━━━━━ Recorded data

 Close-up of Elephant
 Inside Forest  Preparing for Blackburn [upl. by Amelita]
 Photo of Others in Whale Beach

━━━━━━━━━━
━━━━━ Recorded data

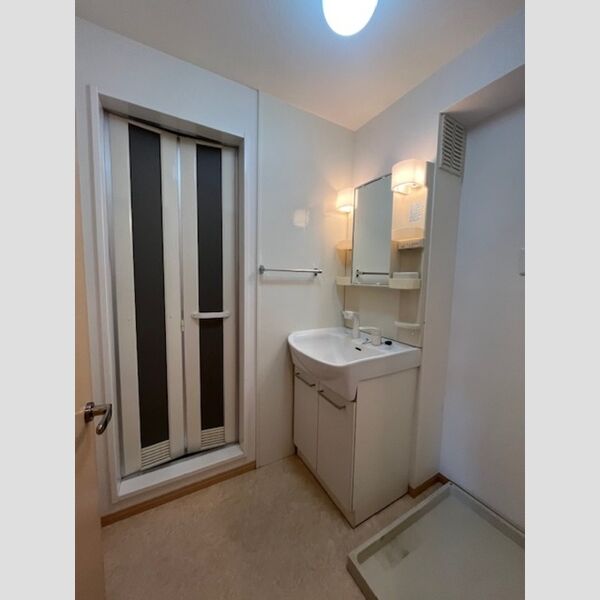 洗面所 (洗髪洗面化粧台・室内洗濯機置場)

━━━━━━━━━━
━━━━━ Recorded data

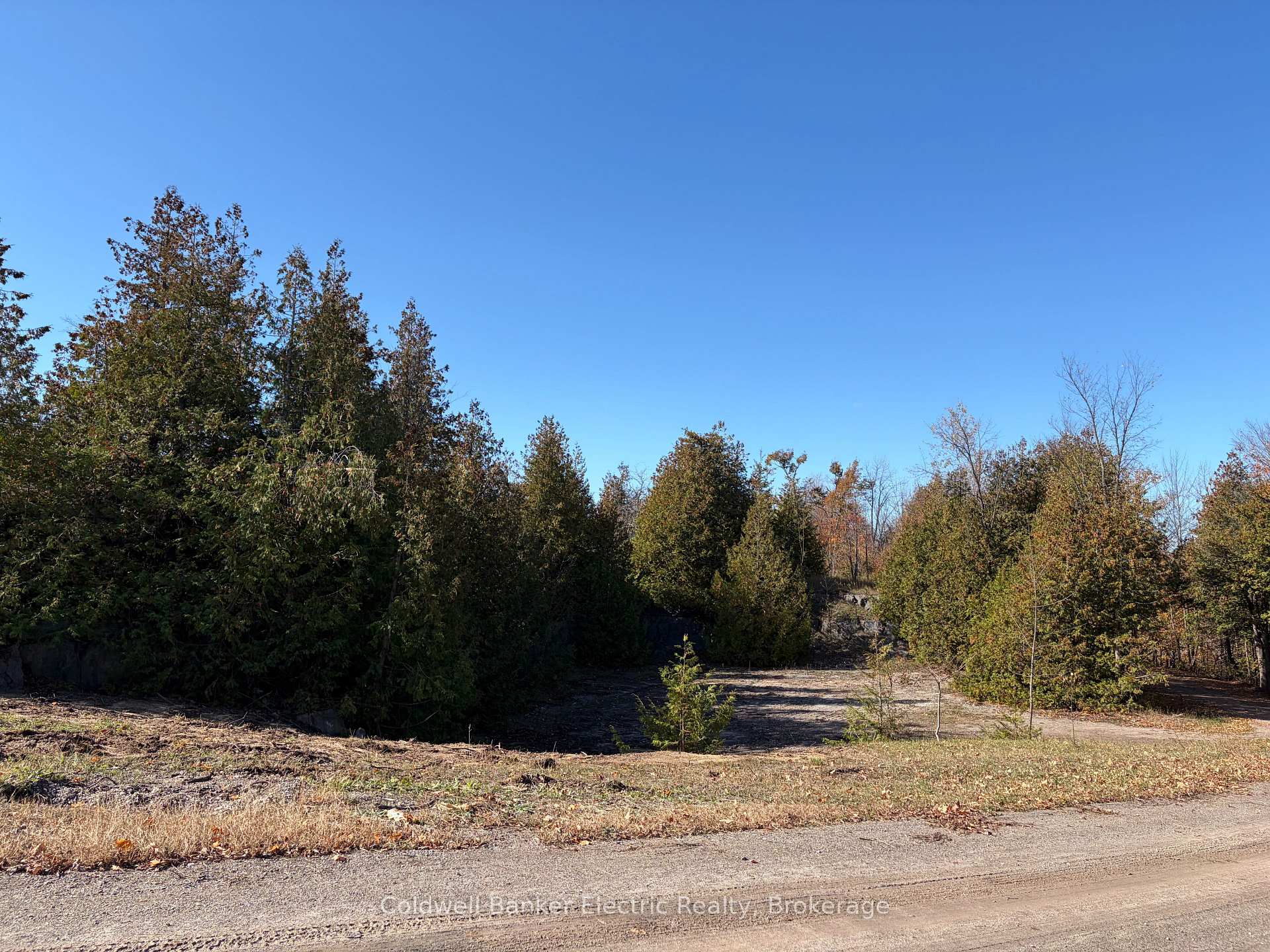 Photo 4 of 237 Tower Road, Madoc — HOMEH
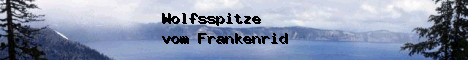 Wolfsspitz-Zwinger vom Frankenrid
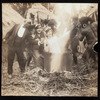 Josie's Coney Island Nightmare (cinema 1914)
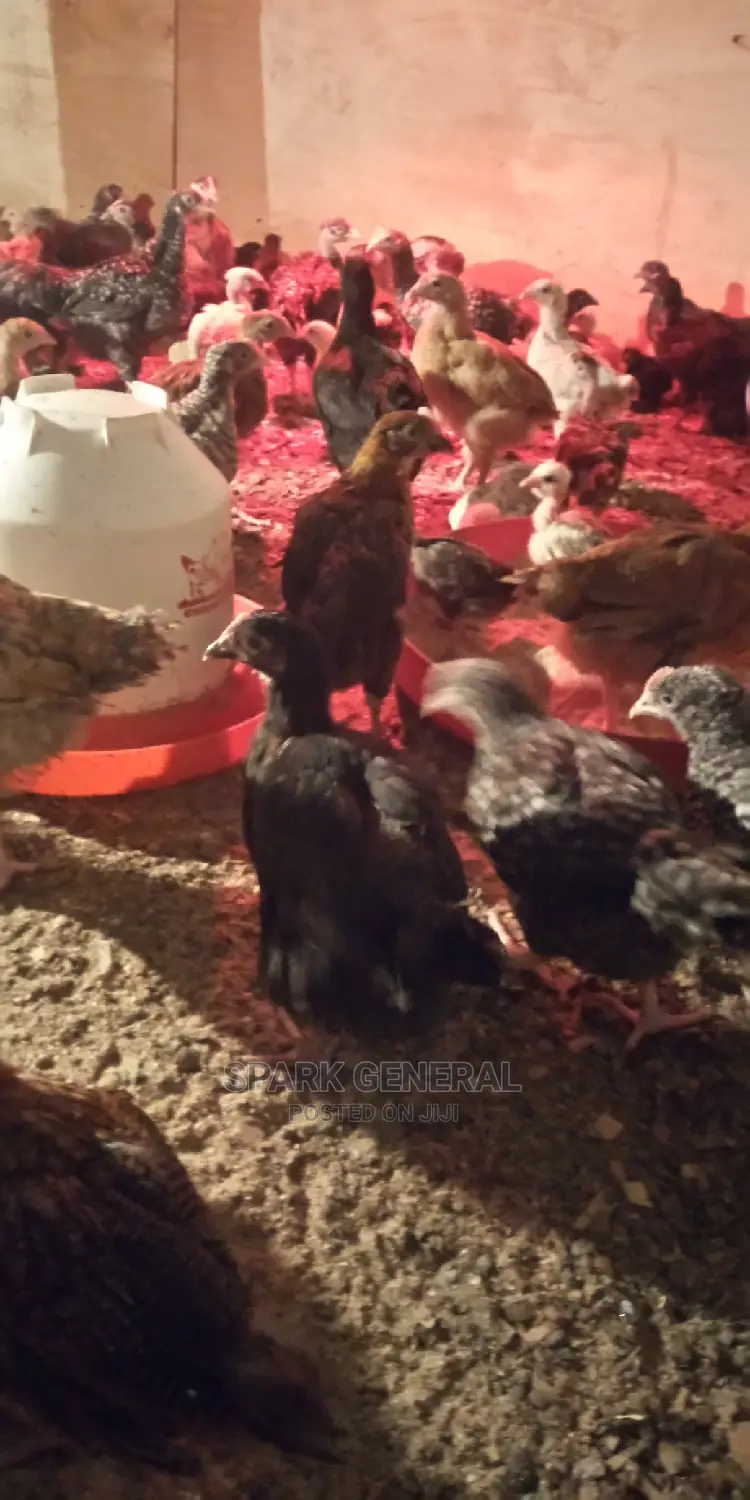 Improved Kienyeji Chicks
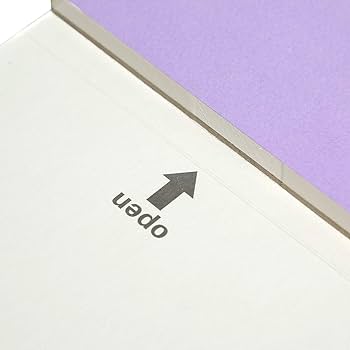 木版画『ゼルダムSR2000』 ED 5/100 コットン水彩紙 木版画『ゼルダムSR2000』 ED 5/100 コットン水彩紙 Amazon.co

━━━━━━━━━━

Task prompt:
Only one stretch of the entries above is needed: the lines from the one containing "Wolfsspitz-Zwinger vom Frankenrid" through the one containing "木版画『ゼルダムSR2000』 ED 5/100 コットン水彩紙 木版画『ゼルダムSR2000』". Copy it exactly, without the pictures.

Output for this exercise:
 Wolfsspitz-Zwinger vom Frankenrid
 Josie's Coney Island Nightmare (cinema 1914)
 Improved Kienyeji Chicks
 木版画『ゼルダムSR2000』 ED 5/100 コットン水彩紙 木版画『ゼルダムSR2000』 ED 5/100 コットン水彩紙 Amazon.co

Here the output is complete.